Knowing my terrible ability to recall, those were memories that I will never get back ever again and I sort of regret that now. The few that I made sure to keep, I snapped pictures of in case my sense of forward-planning ever fails me again. Not every award that looked good on my CCA list made it, but each one that I kept held meaning and memories. In the coming few posts, I'll document one at a time, in no particular order.

The first one is the cutest; it's not really a trophy or something, but my limited pre-secondary school memory still vividly captures this period of time. Here goes:

I was Pupil of the Month in primary 6. It wasn't so much the award itself (9 awards x 10 classes = 90 people who received it) but it was the manner in which it came about that was interesting.


I was so proud of my very first wayang award. It was so next level wayang that the vice-principal called me out for good behaviour. It wasn't that I was a bad kid who put on an Oscar-winning performance, but I've always been extraordinarily good at attention seeking so I knew how to do some things more prominently and say some things that will manipulate people to see me in the light I wanted them to see me in.

I remember very clearly that morning assembly - I was yet again first in the entire school to sit at the assembly area because I was so badass-ed disciplined. Timothy strolled in second and shot a hateful glance in my direction. I'm beating him by two or three assemblies at this point. Plus, I'm now sitting straighter than he is.
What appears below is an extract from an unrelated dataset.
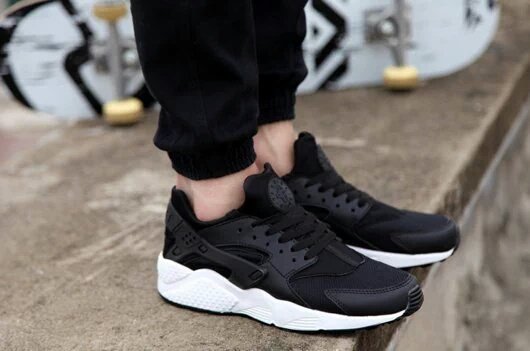 kingbelltorres's tweet photo. Nike Air Huaraches (4 Colors): $69.95 (https://t.co/Bm8sI88d66) https://t.co/KfteAzU3ps https://t.co/TZq4OdOc0x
Straighter is better.

Soon, the quadrangle was filled and assembly was starting. After the usual announcements, the VP suddenly started talking about a boy who's always early for school, never talked during assembly (actually I just started to dislike people), wore his uniform impeccably (thanks mom) and stood super straight during the singing of the National Anthem and school song.

I was genuinely surprised when it turned out she was indeed talking about me even though in my mind I was all like aiya is me la say until liddat i shy. She called me out to stand beside her. Started asking me for my name, whether I was in a uniformed group ECA and like wow guys see he's not even in a uniformed group he's a swimmer they don't even wear clothes but look he's so well-dressed (again, mom).

The whole school then had the privilege of watching me stand my now legendary straight pose while I belted out the National Anthem and ACS Forever in full patriotism. Afterwards, VP wrote a little note to my parents in my little school diary on how exemplary my conduct was in school. My form teacher had no trouble picking Pupil of the Month that August.

Thinking back, LAME. This was the sort of thing that classmates who remember would have poked fun at just a few years later and if you saw it from the VP's point of view, it served her a wider purpose in trying to evoke a desired behavioral response from everyone else. Textbook VP stuff. Still, it made my month as a self-absorbed 12 year-old and led me to feel really awesome about myself. A lot of things I accomplished in the future after that was down to arrogant confidence and insistence that I'm better than everyone at everything else. For whatever reason that it happened, I'm just glad it did!